Istilah ini menunjuk pada kelakuan umum, sehingga perbuatan itu hanya secara
lahiriah dan dapat dilihat. Dalam bahasa Latin disebut mos (tunggal) dan mores (jamak)
yang menjelaskan kehendak, tingkah laku, adat istiadat, kebiasaan, cara hidup, berkelakuan, baik dan buruk. Menurut
Kamus Besar Bahasa Indonesia, etika dijelaskan sebagai ilmu pengetahuan akhlak
atau moral.
Manusia
adalah makhluk yang sadar akan dirinya. Kesadaran tersebut termasuk apa yang
dilakukannya. Kesadaran inilah yang disebut dengan kesadaran etis. Kesadaran
etis adalah kesadaran tentang norma-norma yang ada di dalam diri manusia. Etika
berhubungan erat dengan kelakuan manusia dan cara manusia melakukan
perbuatannya. Kelakuan yang dinyatakan dengan perbuatan itu menunjuk pada dua
hal, yakni positif dan negatif. Pengertian positif menunjuk pada hal yang baik.
Sedangkan pengertian negatif menunjuk kepada hal yang jahat atau tidak baik.

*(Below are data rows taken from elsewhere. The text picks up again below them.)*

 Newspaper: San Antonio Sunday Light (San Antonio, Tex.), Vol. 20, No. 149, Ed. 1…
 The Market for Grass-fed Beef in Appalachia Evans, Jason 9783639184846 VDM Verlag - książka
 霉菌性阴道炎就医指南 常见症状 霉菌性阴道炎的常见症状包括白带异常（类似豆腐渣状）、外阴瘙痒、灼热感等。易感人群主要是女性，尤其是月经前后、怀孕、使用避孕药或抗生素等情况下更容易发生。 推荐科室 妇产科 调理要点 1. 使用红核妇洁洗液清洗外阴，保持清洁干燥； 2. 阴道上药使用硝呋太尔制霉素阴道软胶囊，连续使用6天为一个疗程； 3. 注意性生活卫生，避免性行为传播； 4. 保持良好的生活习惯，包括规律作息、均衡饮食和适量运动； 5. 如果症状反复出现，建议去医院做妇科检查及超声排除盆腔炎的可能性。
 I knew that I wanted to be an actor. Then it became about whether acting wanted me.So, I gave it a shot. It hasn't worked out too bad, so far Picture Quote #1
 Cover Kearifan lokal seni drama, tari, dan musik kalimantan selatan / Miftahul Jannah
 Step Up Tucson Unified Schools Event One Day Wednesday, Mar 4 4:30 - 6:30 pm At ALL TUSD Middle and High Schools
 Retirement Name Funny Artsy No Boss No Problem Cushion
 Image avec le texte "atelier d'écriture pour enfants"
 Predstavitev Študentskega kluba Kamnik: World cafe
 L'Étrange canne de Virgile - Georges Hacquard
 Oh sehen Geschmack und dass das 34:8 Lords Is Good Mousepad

Etika hendak mencari ukuran baik, sebab yang tidak baik atau tidak sesuai
dengan ukuran baik itu adalah buruk atau jahat.
Oleh
sebab itu, tugas etika adalah menyelidiki, mengontrol perbuatan-perbuatan,
mengoreksi dan membimbing serta mengarahkan tindakan yang seharusnya dilakukan
agar dapat memperbaiki tindakan atau perbuatannya. Pengertian perbuatan positif
adalah “apa yang baik” secara umum atau memakai ukuran yang merupakan pertimbangan
dari tuntutan masyarakat dan sesuai pula dengan hati nurani atau kata hati.[1]
d. Robert
P. Borrong
Etika
adalah ilmu atau ajaran tentang yang baik dan yang buruk dalam pikiran,
perkataan, dan perbuatan seseorang (individu) maupun masyarakat (kolektif).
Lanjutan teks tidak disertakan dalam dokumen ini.